Background: To test whether working body schema of the trunk is disrupted in people with back pain using a motor imagery task in which one decides whether a pictured model has their trunk rotated to the left or to the right. We hypothesised that chronic back pain is associated with reduced accuracy of left/right trunk rotation judgements.
Methods: Twenty-one patients with back pain and 14 controls completed two tasks, each involving two trials of 40 images: a left/right hand judgement task, which was used as a control task, and the left/right trunk rotation judgement task. Two (task) x three (group: bilateral back pain, unilateral back pain, control) ANOVAs were undertaken on mean RT and accuracy.

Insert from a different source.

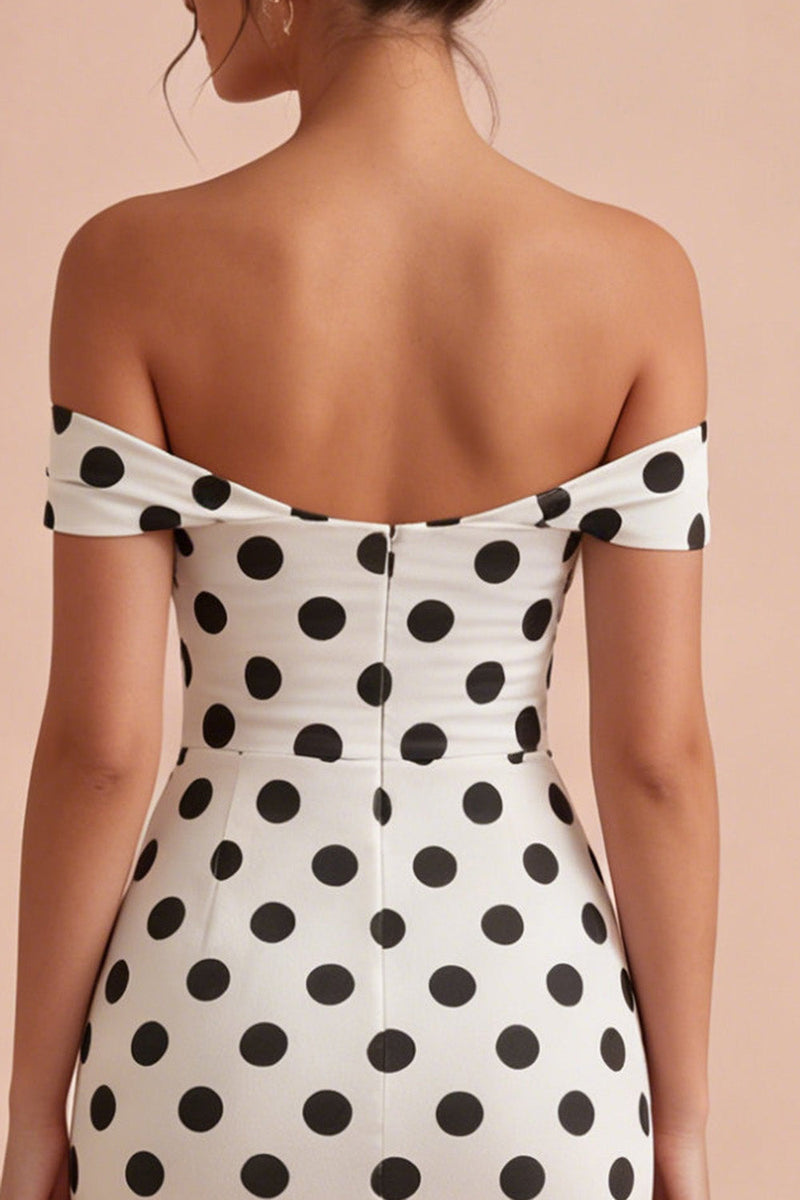 Laden Sie das Bild in den Galerie-Viewer, Bodycon weiß-schwarzes Schlüsselloch-Off-the-shoulder Midi-Polkadots-Kleid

Results: RT was similar across participants and tasks (n.s.). Accuracy was not. Patients with bilateral back pain made more mistakes on the left/right trunk rotation task than patients with unilateral back pain did, who in turn made more mistakes on that task than controls did (Body Part x Group interaction; p<0.001). The mean (95% confidence interval) accuracy for left/right trunk rotation judgements was 53.4% (44.5 – 62.3%) for bilateral back pain patients, 67.2% (60.2 – 74.1%) for unilateral back pain patients and 87% (75 – 98%) for control participants. This pattern was not observed on the left/right hand judgement task, on which all three groups made correct judgements about 83% of the time (n.s.).
Discussion: Chronic back pain is associated with disruption of the working body schema of the trunk. This might be an important contributor to motor control abnormalities seen in this population.